Duplan has not shown that New York has a strong connection with the issues in question. Duplan, a Delaware corporation, while having a large sales and executive office in New York, has offices, warehouses, and manufacturing facilities in forty-six other states. It is Duplan’s texturizing manufacturing facility in Dillon, South Carolina, which employs the “FT patents.” DMRC is a South Carolina corporation whose facilities, records, offices and employees are in South Carolina. The license agreement, the subject matter of the dispute, was entered into in South Carolina and was to be performed there.

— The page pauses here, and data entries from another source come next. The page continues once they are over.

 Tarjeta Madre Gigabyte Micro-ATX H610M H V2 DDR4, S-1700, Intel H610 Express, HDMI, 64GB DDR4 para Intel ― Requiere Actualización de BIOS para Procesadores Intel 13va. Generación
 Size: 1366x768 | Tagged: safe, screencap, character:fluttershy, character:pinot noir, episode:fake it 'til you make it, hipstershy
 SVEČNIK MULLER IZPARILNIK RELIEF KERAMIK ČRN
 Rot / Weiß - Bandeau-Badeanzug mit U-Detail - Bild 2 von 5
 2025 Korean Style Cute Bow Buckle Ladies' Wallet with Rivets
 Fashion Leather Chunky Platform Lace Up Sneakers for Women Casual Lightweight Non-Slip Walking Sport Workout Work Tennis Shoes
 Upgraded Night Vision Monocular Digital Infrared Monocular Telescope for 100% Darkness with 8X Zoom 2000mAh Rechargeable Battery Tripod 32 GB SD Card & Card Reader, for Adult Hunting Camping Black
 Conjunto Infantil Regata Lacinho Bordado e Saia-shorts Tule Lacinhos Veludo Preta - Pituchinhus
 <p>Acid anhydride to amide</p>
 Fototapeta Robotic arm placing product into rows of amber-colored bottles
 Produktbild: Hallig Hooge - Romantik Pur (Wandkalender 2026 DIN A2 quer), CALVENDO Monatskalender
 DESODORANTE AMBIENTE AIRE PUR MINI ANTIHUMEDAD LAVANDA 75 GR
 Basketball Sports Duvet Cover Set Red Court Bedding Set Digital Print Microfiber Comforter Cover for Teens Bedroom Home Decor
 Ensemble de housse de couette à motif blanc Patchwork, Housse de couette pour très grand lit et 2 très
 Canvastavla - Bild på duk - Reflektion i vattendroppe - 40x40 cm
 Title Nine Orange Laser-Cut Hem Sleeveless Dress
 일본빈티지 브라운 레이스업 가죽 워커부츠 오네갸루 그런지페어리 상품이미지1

It is in South Carolina where royalty payments were made, where reports were submitted, where services, testing and research activities and the furnishing of training and technical information were performed by DMRC for Duplan. If the patents were infringed then this occurred in South Carolina. The defendants’ argument that it will be necessary to view the South Carolina machinery in operation has some persuasive value. It *105is remotely possible that the trier of the facts might be aided by a view of the machines in South Carolina.

The primary dispute in this case is between the sublicensor, DMRC, and the sublicensee, Duplan. DMI claims it has nothing to do with the license agreements in dispute since DMRC, although owned by DMI, is seen as an independent corporation. DMI does not manufacture under the FT patents in New York, nor does it have an agreement with Duplan which relates to the patents. DMI states that DMRC, based and operated solely from South Carolina, grants and is responsible for the administration of the licenses.

The court is satisfied that transfer to the District of South Carolina, Spartan-burg Division, would best serve the convenience of the parties and the interests of justice.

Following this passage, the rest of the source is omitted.